The gas phase reaction H2 + I2 --> 2HI is second order. Its rate constant at 400 C is 0.0243 dm3/mol s. Calculate delta H, delta S, delta G and the pre-exponential at this temperature. Assume that delta H is constant over this temperature range.

Answer 1

for H2 (g) + I2 (g):::::::::::::::::> 2HI (g)
We have
standard enthalpy of formation...
dHf HI (g) = + 26.48 kJ / mol
dHf H2 (g) = 0
dHf of I2 (g) = + 62.44 kJ/mol
so
our reaction would have
dh = dHf products - reactants
dH = [(2 mol HI) (+ 26.48 kJ / mol)] - [ 0 & 62.44 kJ]
dH = 52.96 kJ - 62.44 kJ
dH reaction = - 9.48 kJ


& We have the standard entropies:
HI ... S = + 206.5 Joules / mol-K
I2 ... S = + 260.6 Joules / mol-K
H2 .. S = + 130.6 Joules / mol-K
so
our reaction would have
dS = S products - reactants
dS = [(2 mol HI) (+ 206.5 Joules / mol-K)] - [ 130.6 & 260.6]
dS = 413 - 391.2
dS = + 21.8 Joules / K


using the formula:
dG = dH - T dS

dG = -9.48 kJ - (298K) (+ 21.8 Joules / K)

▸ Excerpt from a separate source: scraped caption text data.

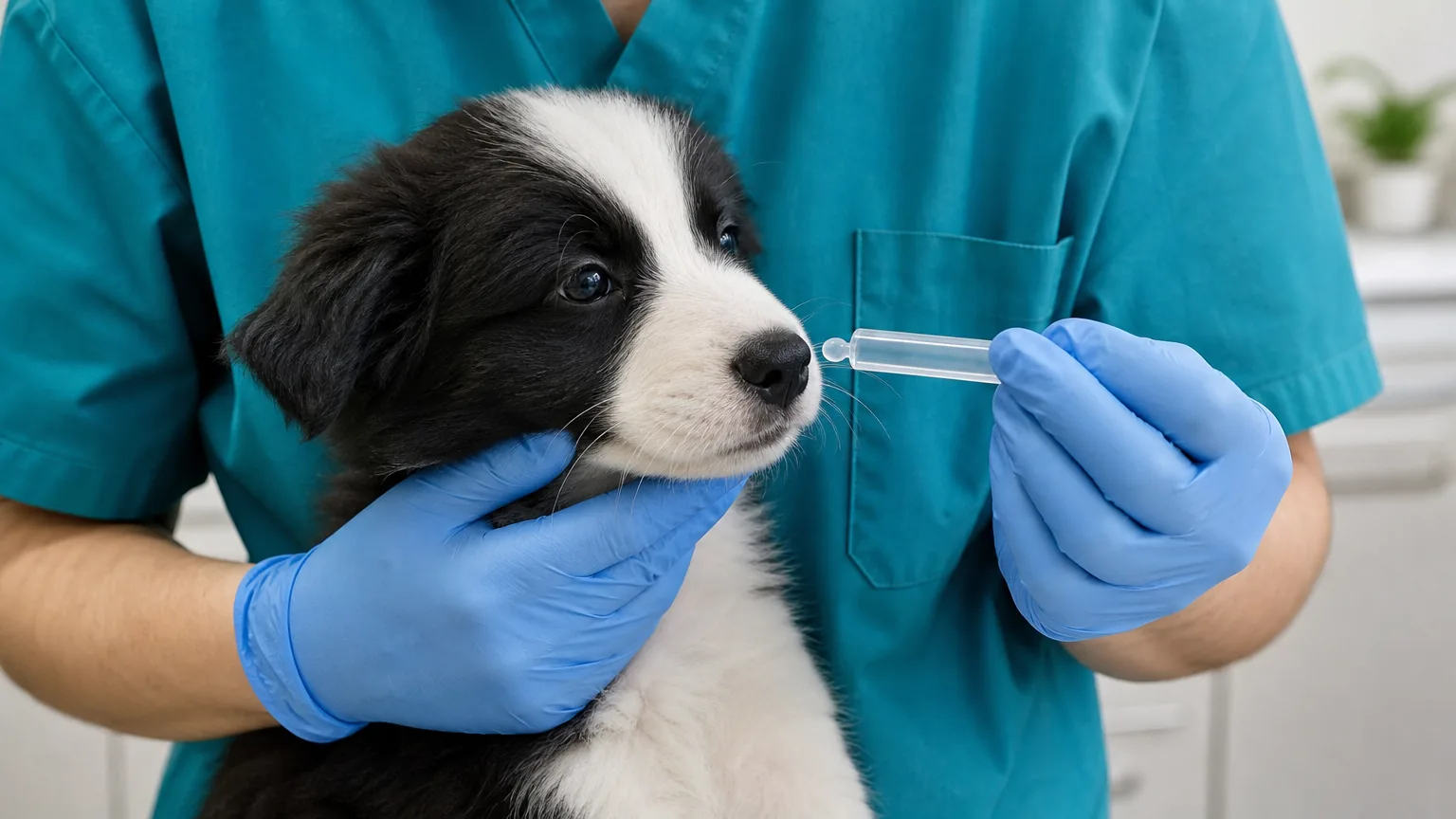 Vet holding a nasal applicator to a puppy's nose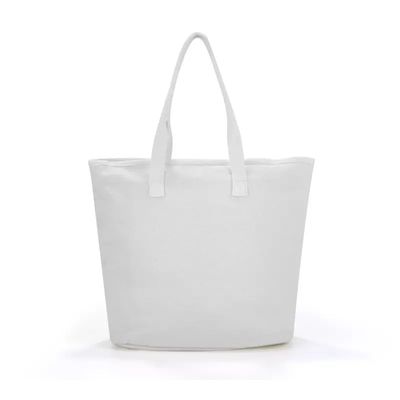 White Beach Shopping Tote Bags met katoenen webbing handvat en op maat gedrukt logo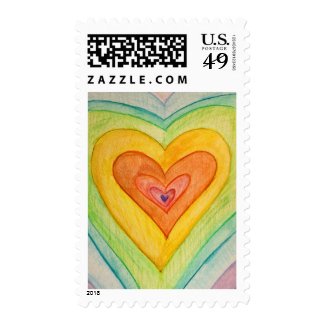 Rainbow Hearts Personalized Custom Postage Stamps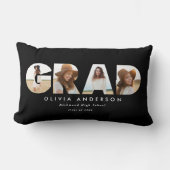 モダン幾重数々の黒写真卒業 ランバークッション (正面)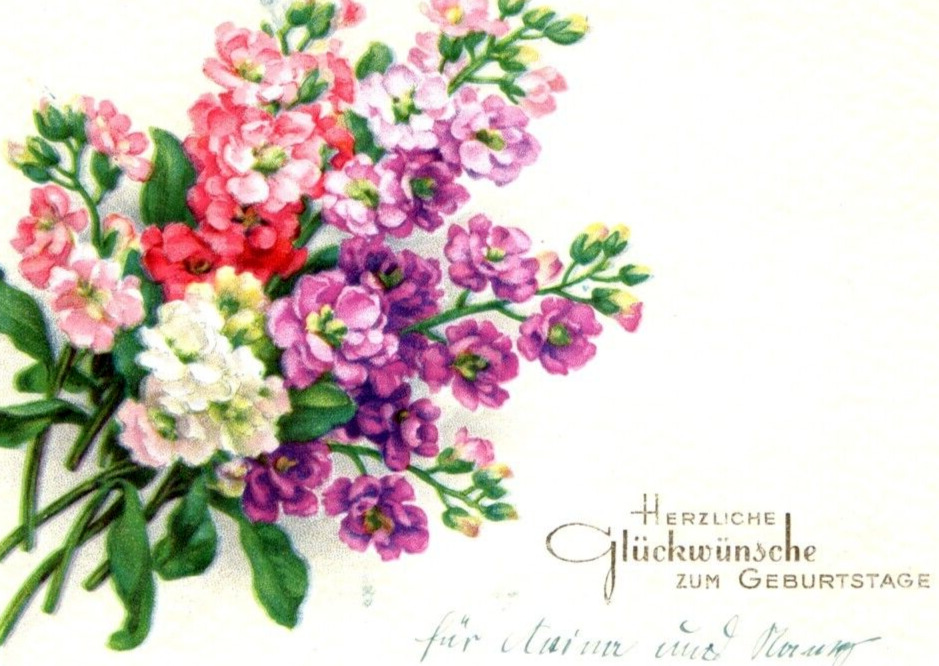 c. 1950s German Birthday Card Lovely Flowers B26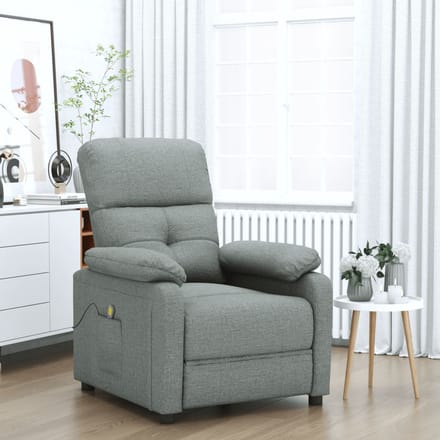 Vidaxl Fauteuil Met Massage, Donkergrijs, Stof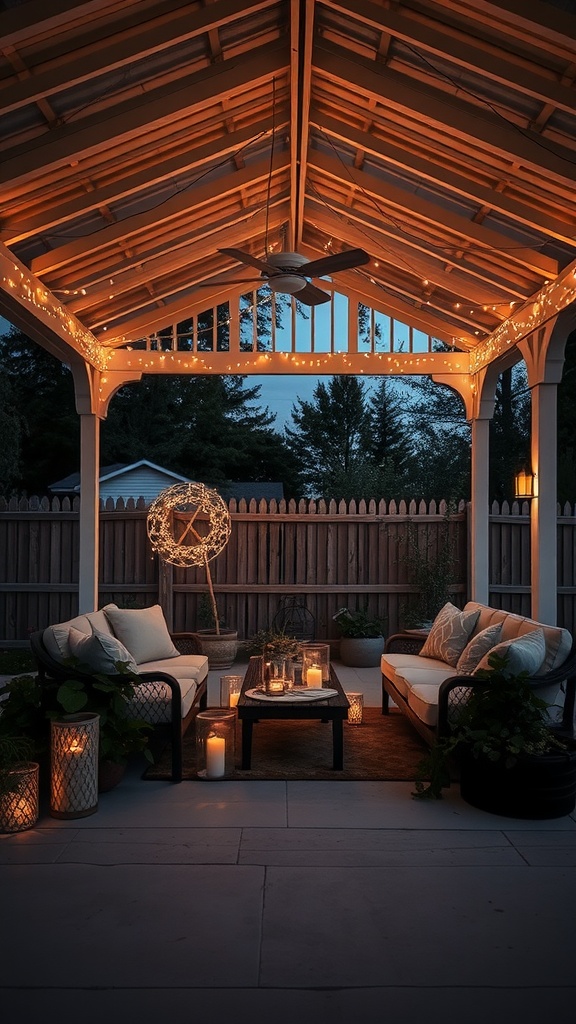 A cozy covered patio with soft lighting, comfortable seating, and candles creating a romantic atmosphere.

dG = -9.48 kJ - (6496 Joules)

dG = -9.48 kJ - (6.50 kiloJoules)

dG = - 15.98 kJ for the reaction that produces 2 moles of HI
which is rounded off to 1 decimal for sig figs as
our answer is
dG reaction = - 16.0 kJ

We know K= Ae^(Ea/RT)

Here Ea for this reaction is not given.According to Standard values Ea for this reaction at 400 C and rate constant 0.0243 is around 180kj.

so A=K/(e^(Ea/RT)).

A=0.0243/e^(-Ea/8.314*673)) ------------------(1)

putting Ea=180kj

we get A=2.5*10^-2 or 0.025.
if any other Ea value is there then substituting in (1) will give A.